下一步¶

Next Steps

中文

使用 Celery 的第一步指南故意保持简洁。在本指南中，我将更详细地演示 Celery 的功能，包括如何为你的应用程序和库添加 Celery 支持。

本文档并未涵盖 Celery 的所有功能和最佳实践，因此建议你同时阅读 User Guide。

英文

The 使用 Celery 的第一步 guide is intentionally minimal. In this guide I'll demonstrate what Celery offers in more detail, including how to add Celery support for your application and library.

This document doesn't document all of Celery's features and best practices, so it's recommended that you also read the User Guide

调用任务¶

Calling Tasks

中文

你可以使用 delay() 方法调用任务：

>>> from proj.tasks import add

>>> add.delay(2, 2)

该方法实际上是另一个方法 apply_async() 的星号参数快捷方式：

>>> add.apply_async((2, 2))

后者允许你指定执行选项，例如执行延迟时间（countdown）、发送到的队列等：

>>> add.apply_async((2, 2), queue='lopri', countdown=10)

上述示例中，该任务将被发送到名为 lopri 的队列，并且最早在消息发送后 10 秒被执行。

直接调用任务将会在当前进程中执行任务，不会发送消息：

>>> add(2, 2)
4

这三个方法 —— delay()、apply_async() 以及直接调用（__call__）构成了 Celery 的调用 API，该 API 同样用于生成任务签名。

关于调用 API 的更详细说明，请参阅 Calling User Guide。

每次任务调用都会被赋予一个唯一标识符（UUID）—— 这就是任务 ID。

delay 和 apply_async 方法会返回一个 AsyncResult 实例，可用于追踪任务的执行状态。但为此你需要启用结果后端，以便有地方存储任务状态。
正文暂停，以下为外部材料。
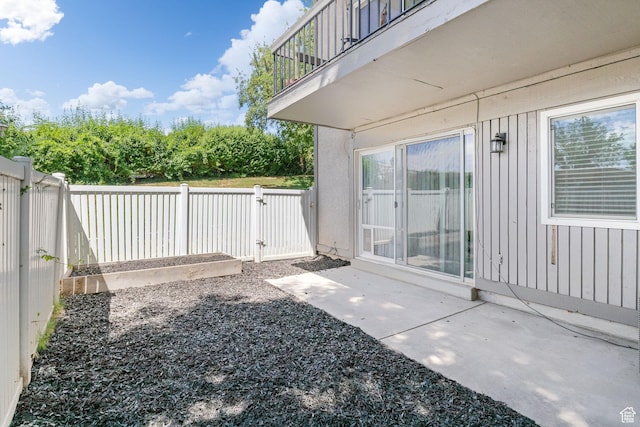 5704 S Waterbury Way Unit H, Murray, UT 84121 - fenced backyard featuring a balcony, a gate, and a patio area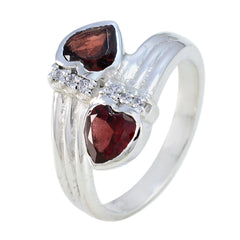 Daniela silver ring featuring two heart-shaped red gemstones and small clear stones abstract red gemstone ring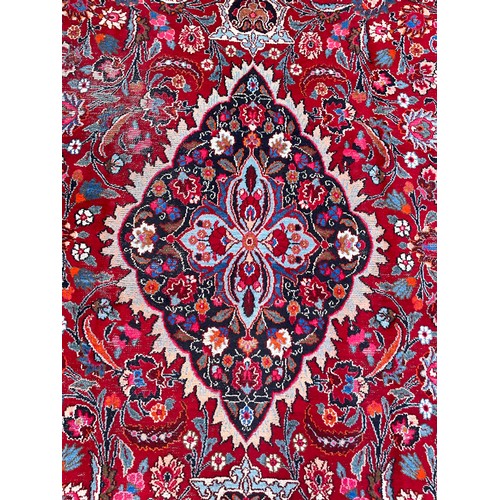 1285 - A Persian Kirman carpet, all over floral garden design inc tones of blue, cream, pink and black, on ... 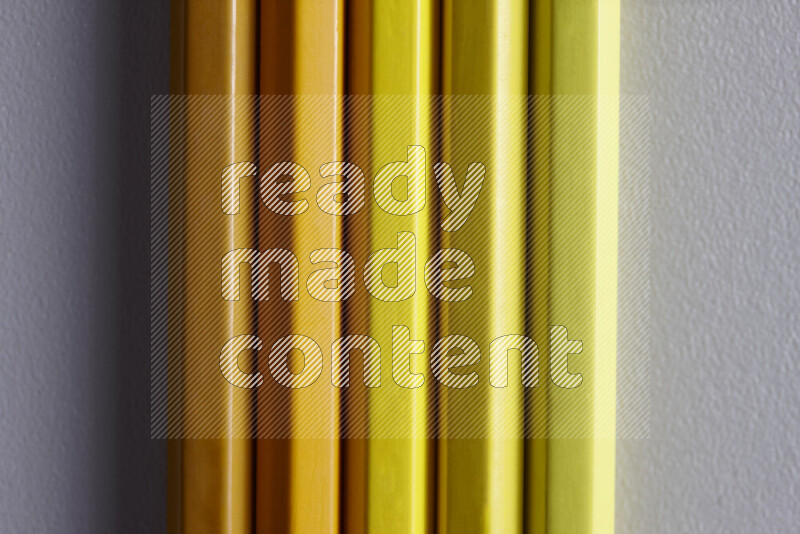 A collection of sharpened colored pencils arranged showcasing a gradient of yellow hues on grey background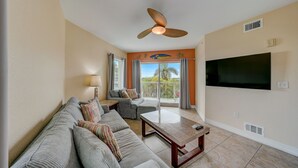 A living room with a sofa, a coffee table, a TV, and a ceiling fan. - Free Beach Gear • Sparkling Clean • Best Value (Treasure Island)
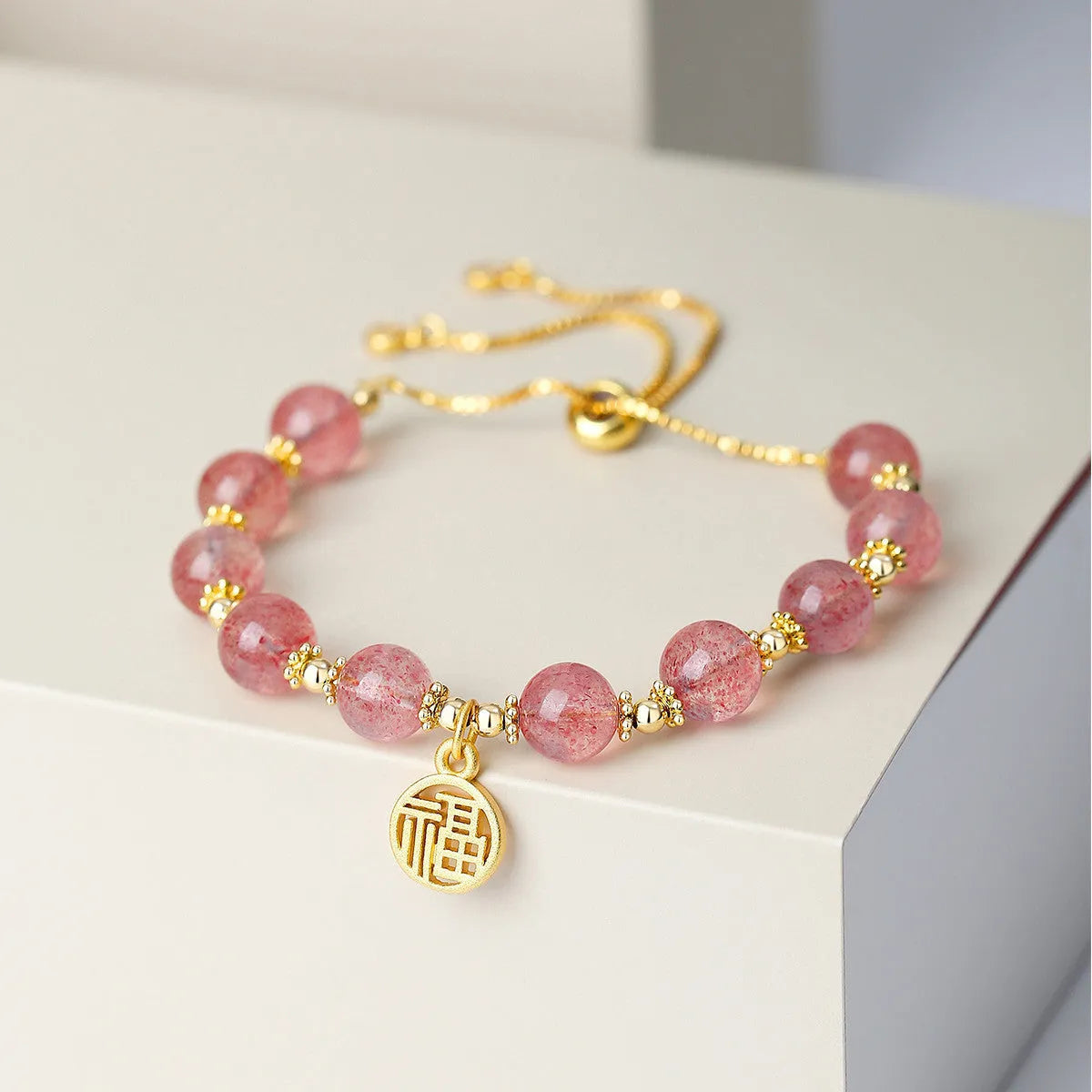 Women's strawberry quartz bracelet with a geometric fu character charm on an electroplated chain.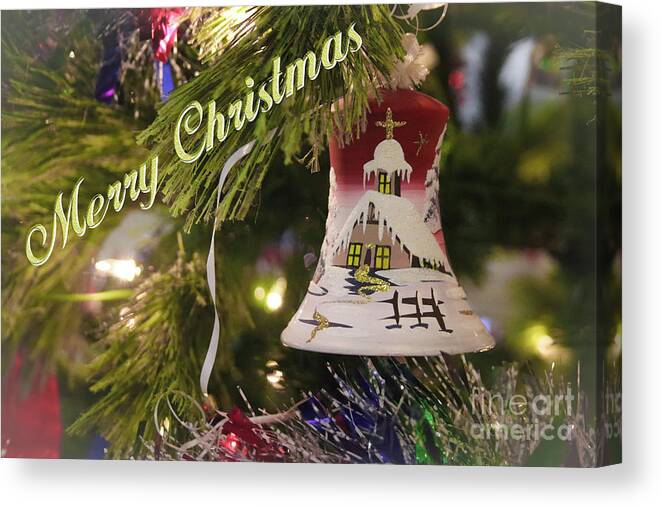 Merry Canvas Print featuring the photograph handblown glass Holiday Bell by Darrell Foster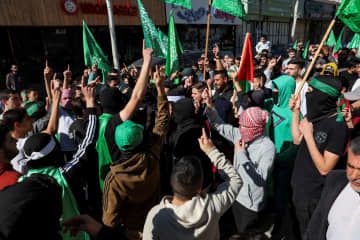 ハマスの旗を持つパレスチナ人＝2023年11月、ヨルダン川西岸（ロイター＝共同）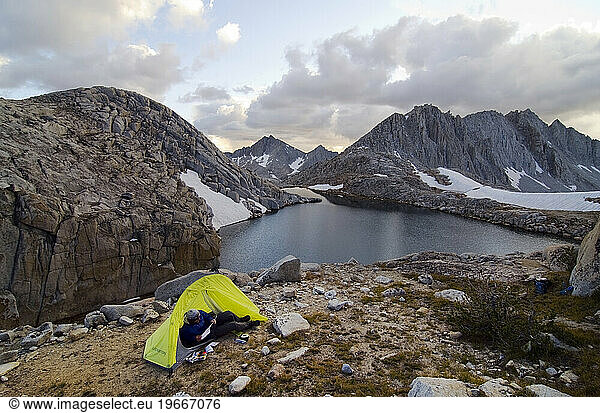 A man relaxes in his tent next to White Bear Lake on the Sierra High Route  CA.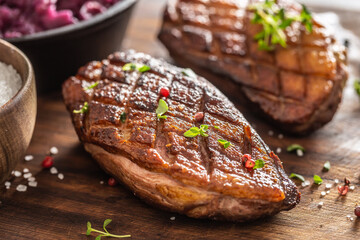 Wall Mural - Close up view of freshly roasted duck breasts with pepper seasoning and fresh herbs on top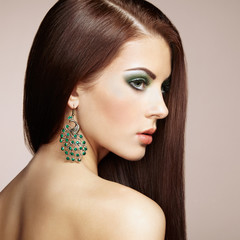 Portrait of beautiful brunette woman with earring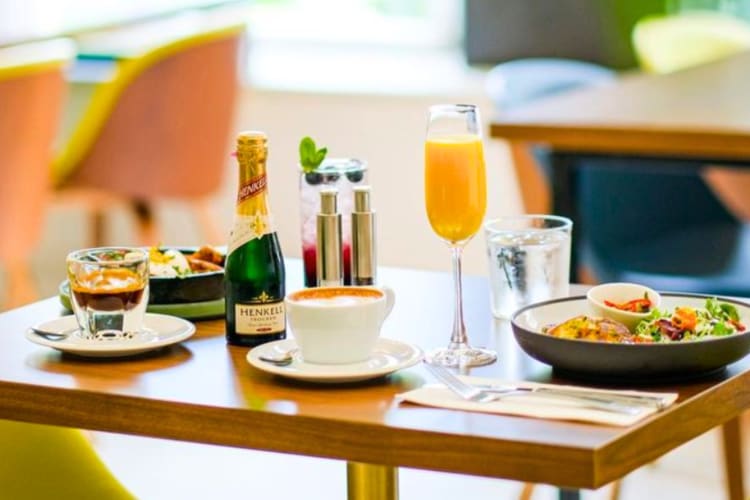 Breakfast dishes, orange juice and champagne on a table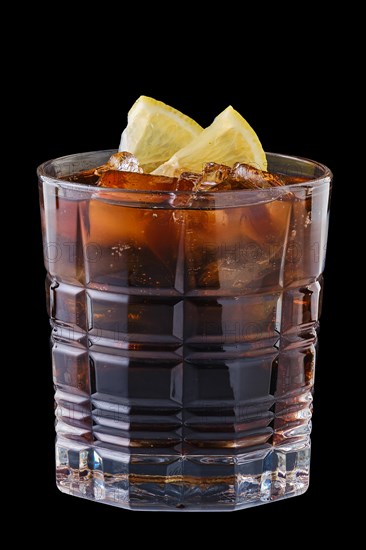 Glass of refreshing cold cola with ice isolated on black
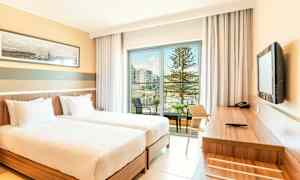 Ett hotellrum med två enkelsängar, ett skrivbord och utsikt över en balkong med pool och träd. (AI-genererad text)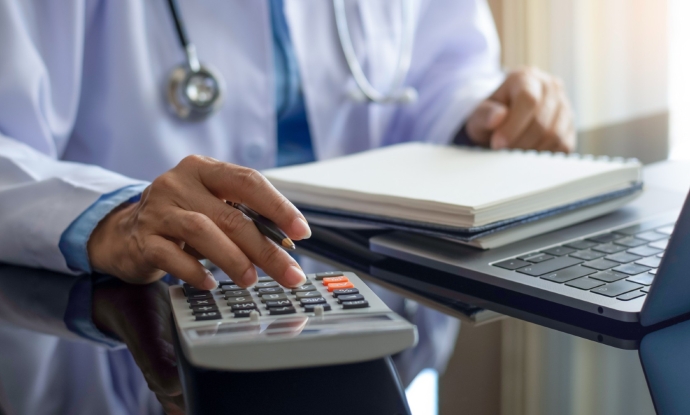 torso showing medical person using a calculator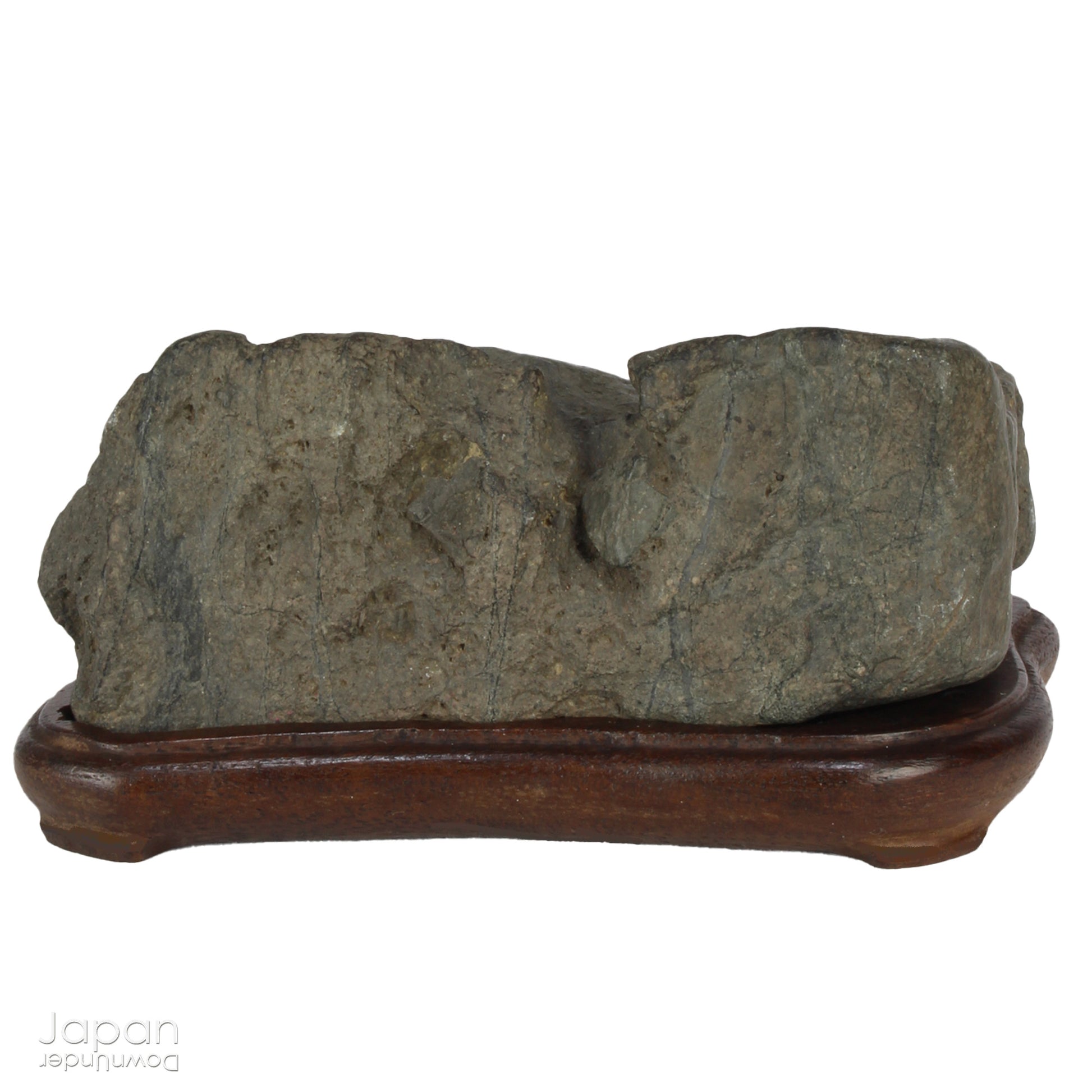 This vintage Japanese suiseki offers a quiet meditation on nature’s artistry ;a naturally weathered stone that embodies stillness, grace, and introspection. Resting atop an intricately hand-carved daiza, it invites the viewer into a space of reflection and reverence, where simplicity holds profound depth.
默认情况下结果功能是禁用的，因为并没有一个适用于所有应用的结果后端；你需要权衡每种后端的缺点来选择是否启用。对于许多任务而言，保存返回值其实并不重要，因此将其默认禁用是合理的选择。此外请注意，结果后端不会用于任务或工作进程的监控：Celery 为此使用专用的事件消息（参见监控和管理指南）。

如果你已配置了结果后端，可以检索任务的返回值：

>>> res = add.delay(2, 2)
>>> res.get(timeout=1)
4

你可以通过 id 属性查看任务的 ID：

>>> res.id
d6b3aea2-fb9b-4ebc-8da4-848818db9114

如果任务抛出异常，你也可以检查异常及其回溯信息，事实上 result.get() 默认会传播任何错误：

>>> res = add.delay(2, '2')
>>> res.get(timeout=1)

Traceback (most recent call last):
    File "<stdin>", line 1, in <module>
    File "celery/result.py", line 221, in get
        return self.backend.wait_for_pending(
    File "celery/backends/asynchronous.py", line 195, in wait_for_pending
        return result.maybe_throw(callback=callback, propagate=propagate)
    File "celery/result.py", line 333, in maybe_throw
        self.throw(value, self._to_remote_traceback(tb))
    File "celery/result.py", line 326, in throw
        self.on_ready.throw(*args, **kwargs)
    File "vine/promises.py", line 244, in throw
        reraise(type(exc), exc, tb)
    File "vine/five.py", line 195, in reraise
        raise value
TypeError: unsupported operand type(s) for +: 'int' and 'str'

如果你不希望错误被传播，可以通过传入 propagate 参数来关闭它：

>>> res.get(propagate=False)
TypeError("unsupported operand type(s) for +: 'int' and 'str'")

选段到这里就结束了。